With that in mind, one has to wonder why the Republican Party doesn’t make a bigger issue out of the policy. Furthermore, why is Paul encouraging the GOP to not make a big deal out of the issue?

“We like Rand Paul, and he does things well… I think he's trying to play the game, which is the opposite of what his dad played. His dad was Dr. No, and he said no to everything,” Stu said. “He's trying to say, ‘Well, look, we don't want people to be offended’… That doesn't seem to be his thought process on a lot of other issues – minimum wage, tax hikes on the wealthy. All these things are, around the country, very unpopular… But he still talks about those.”

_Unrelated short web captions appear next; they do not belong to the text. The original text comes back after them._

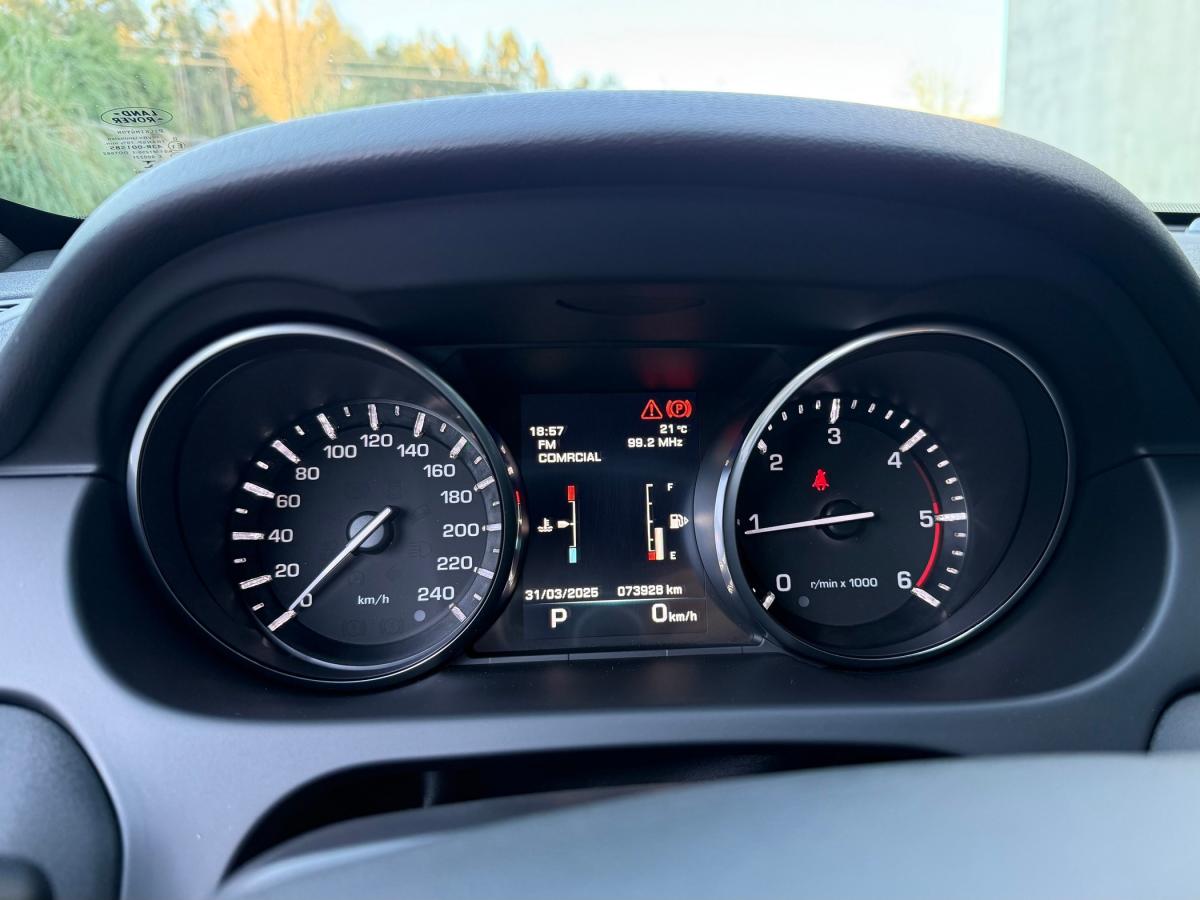 land-rover-discovery-sport-2016-diesel-1999cc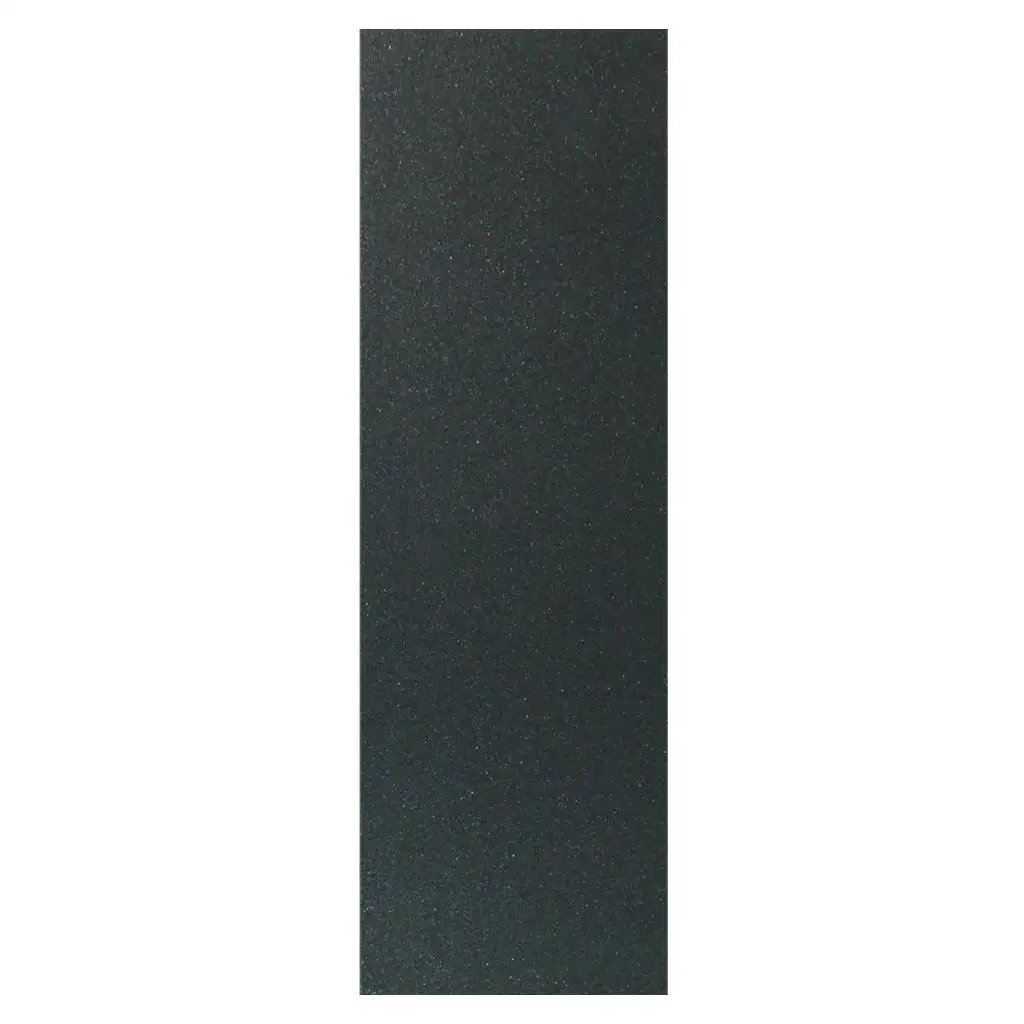 Waterproof Non-slip Pro Skateboard Sandpaper Grip Tape Skating Board Griptape Deck Board Sticker Longboarding Griptape 840*23mm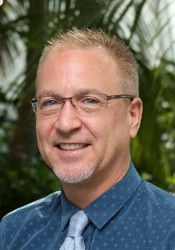 realtor portrait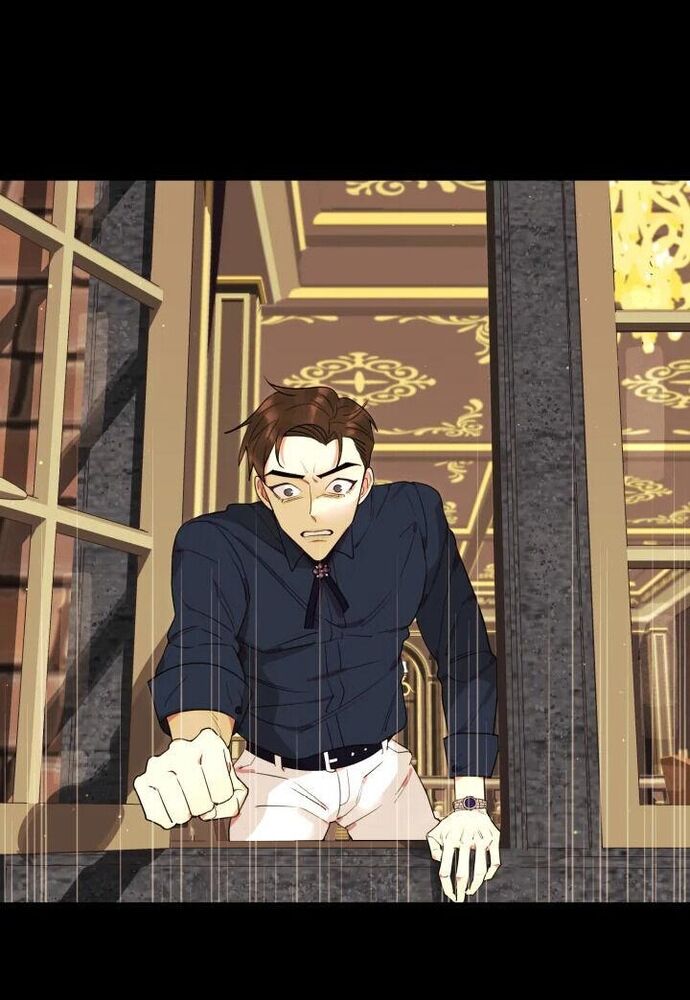 Tiểu Thuyết Đầu Tay Của Ác Nữ - Chapter 11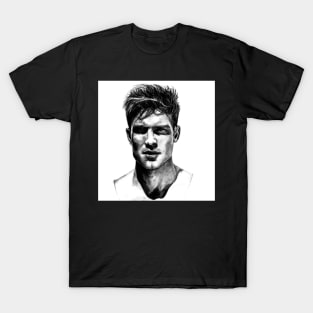 Maxwell T-Shirt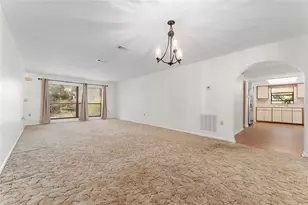 20290 SW 97th Pl, Dunnellon, FL 34431 - Photo 8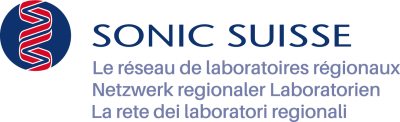 Sonic Suisse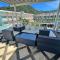Stunning 4-BR House with Inviting Swimming Pool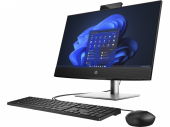 HP INC Komputer All-in-One ProOne 440 G9 i5-12500T/512GB/8GB/W11P/23.8 885J3EA - 885J3EA - Zdjęcie 2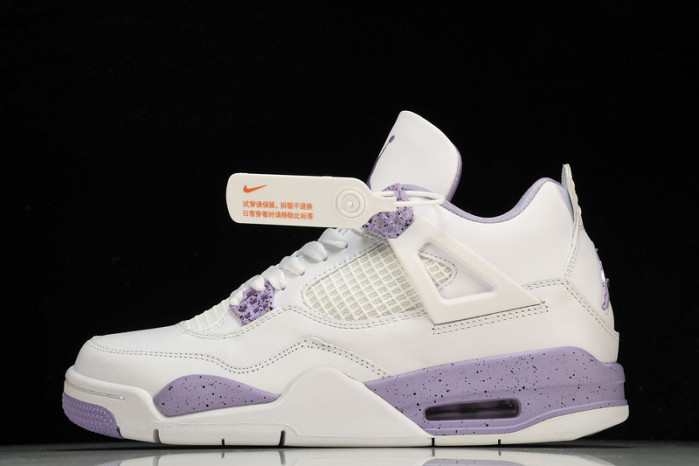 air jordan 4   ct8527-115
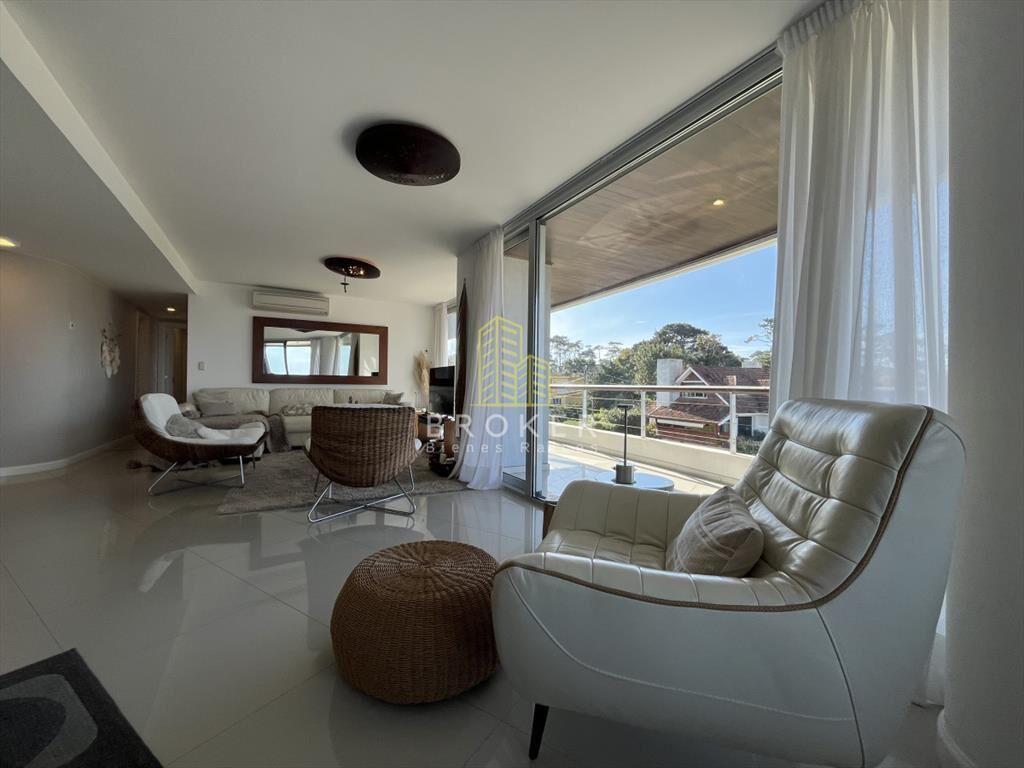 Apartamento en Venta 2 Dormitorios Frente al Mar
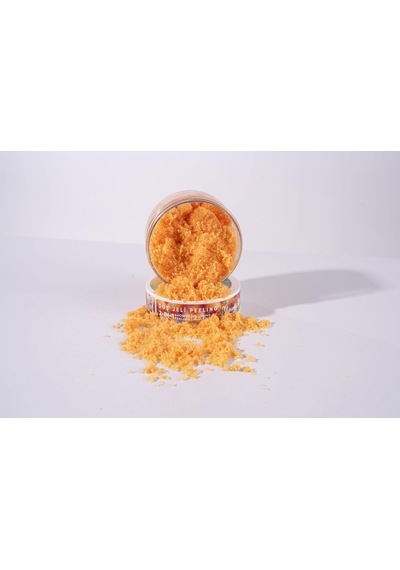 Mara Kozmetik Shınıng Always Body Shower Gel Peelıng/dus Jelı Peelıng 250 G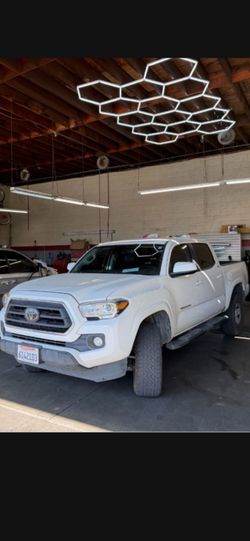 Window Film Tint Automotive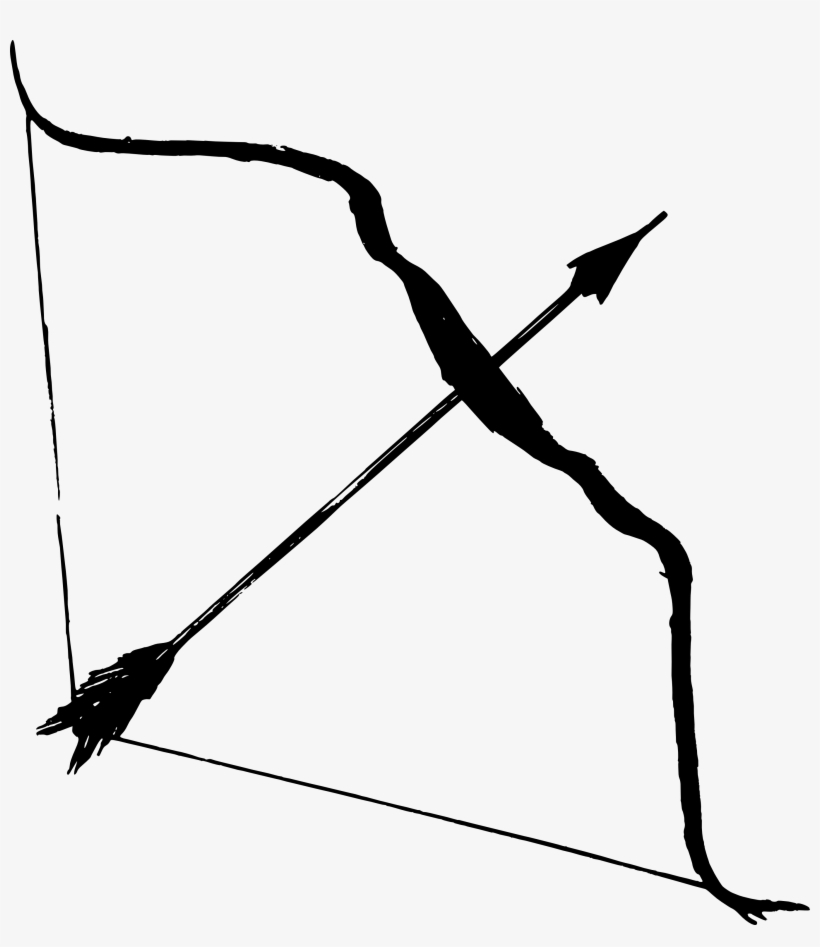 Free Download - Portable Network Graphics, transparent png download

Another head scratcher is Paul’s recent praise of Reid. During an appearance on CNBC, Paul explained how his new legislation would pay for emergency transportation projects with repatriated taxes. The bill has apparently garnered bipartisan support, including Reid.

“Senator Reid and I actually have very warm personal relations and we’ve been meeting informally for months, both us and staff, to try and do something good for America,” Paul said. “I’m a glass-half-full kind of guy. I like Harry Reid personally. I’m working hard with him.”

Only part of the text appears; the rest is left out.